8 responses to “Want to Want”

  1. Aaron,

    Great synthesis of this writing. So where are you _________? Has this book helped to bring any more clarity to where you are going and what you should take on the journey?

  2. Thanks for asking Kevin. I thought I knew where I was headed until I had an appointment with Coach Curtis from the Advance. Now I am questioning many things. I’ve started a discernment process to help figure out where I am _______… Glad to be with you on the journey.

  3. Marc Andresen says:

    Aaron,

    How would you classify the genre of Harari’s book? Is it history, anthropology, theology, fiction, humanist manifesto…?

    Why?

  4. Hi Marc. Maybe one of the points of reading this book is to show that these old genres don’t hold up too well in our new globalized world. It is a history but it is no less or more history than our Old Testament. What I mean by this is that Sapiens is a story. The OT is a bunch of stories.

    • Marc Andresen says:

      I like your OT comparison.

    • Loren Kerns says:

      Hi Aaron and Marc,

      Aaron’s observation of Harari’s question about what do we want to want strikes me as another way of talking about ‘the good’ in ancient philosophy. ‘The good’ is the thing that ultimately orients our life like a compass. But, that sense of ‘the good’ doesn’t really come to us naked. Rather, it seems to always come embedded within a story or social imaginary by which we live and have our being.

      I would propose that Harari’s narrative in Sapiens in broad outline represents the essential story of the new scientific and academic elite, especially in the West. It’s one that very much makes Jesus an important footnote in a story of which he is far from the center.

      One of the things I’m wondering about is what strategy you might suggest for relating the Christian’s narrative to this narrative. What are the points of contact? Differences? For someone inhabiting Harari’s world, how might you make the Christian gospel coherent to him/her rather than yet another sapien delusion constructed in the past but no longer ‘true’ in light of what we now know (and know we don’t know) as a result of the scientific revolution?

  5. Hi Loren. I pastor, teach, parent, and live in a Hararian world. I appreciate your questions. I think the first step is love. As Christians we know that Christ’s love casts out fear so the second step would be to delete fear. I am talking here about fearing other myths and being threatened by them. When we love without fear our God and our neighbor we don’t feel the need to react in a defensive manner and proof text our arguments.

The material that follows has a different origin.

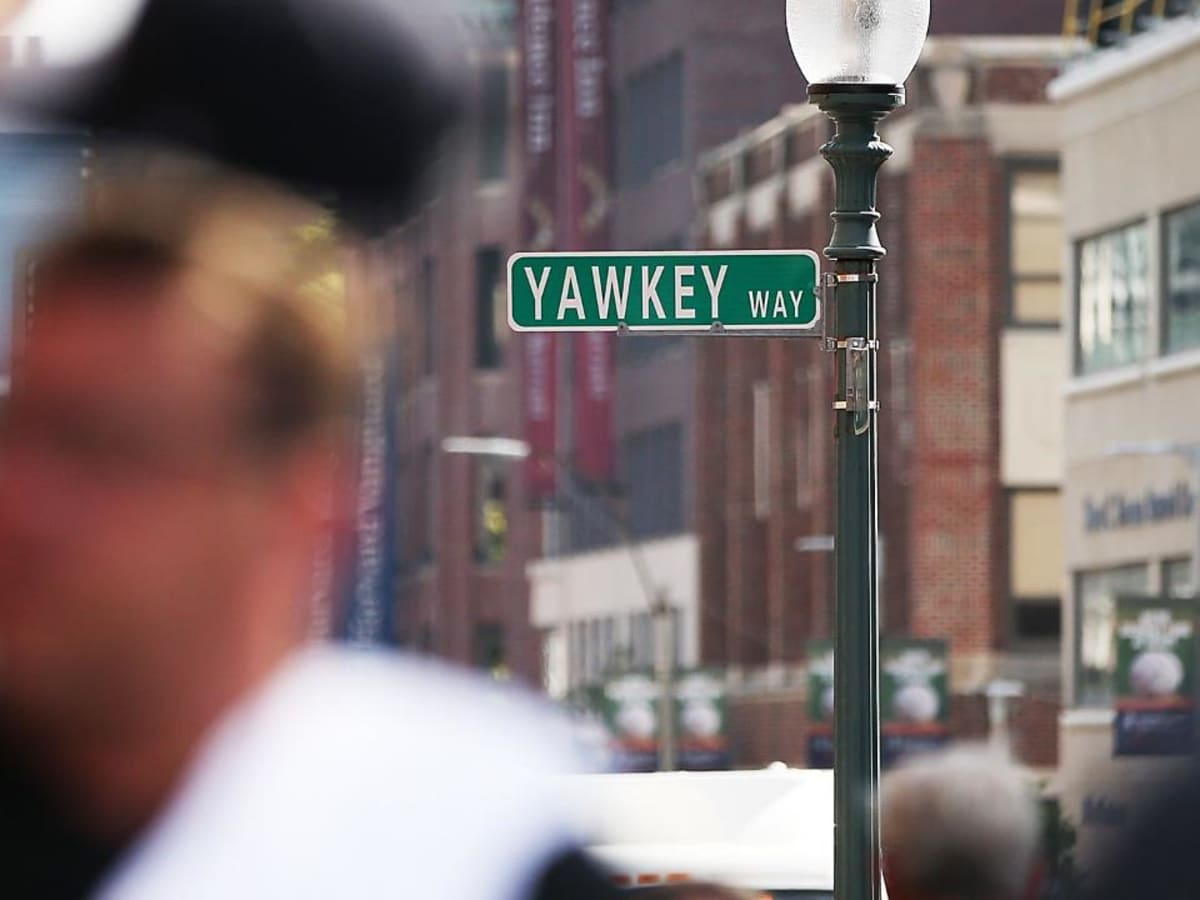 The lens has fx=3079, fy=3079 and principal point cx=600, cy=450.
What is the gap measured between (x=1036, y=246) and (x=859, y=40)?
4371 cm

I have been focusing on Jeremiah 29 much of this year. It offers points of contact like the concept of exile. Jeremy Crossely spoke to this in London. Looking at the concept of exile in an expanded metaphor way, many people, Christian and pagan feel a huge sense of exile after our presidential election. Another Jeremiah 29 point of contact would be to work for the good of the city. Most people I know, regardless of their metanarrative, want things to improve.
    I guess what I’m trying to say, it might be cliche, but pre or post scientific revolution, loving God and loving our neighbor is the perfect starting point in sharing the Christian gospel.

  6. Garfield Harvey says:

    Aaron,
    As I read this book, I thought about the Matrix. There’s a scene when Keanu is having a meal with the guys and they asked him how did he know what a steak tasted like or any fancy meal. The idea behind it is that we sometimes accept information based on the source or the first person who tells us. Hence, chicken could actually be called tuna or salmon. What’s my point? I have none except that the Matrix was a great movie about a theory of creation. Like this book, it was a great novel about another perspective on creation and nothing I needed to take seriously. From reading the blogs, I realize how I might be challenged critically by reviewers if I were to write a book.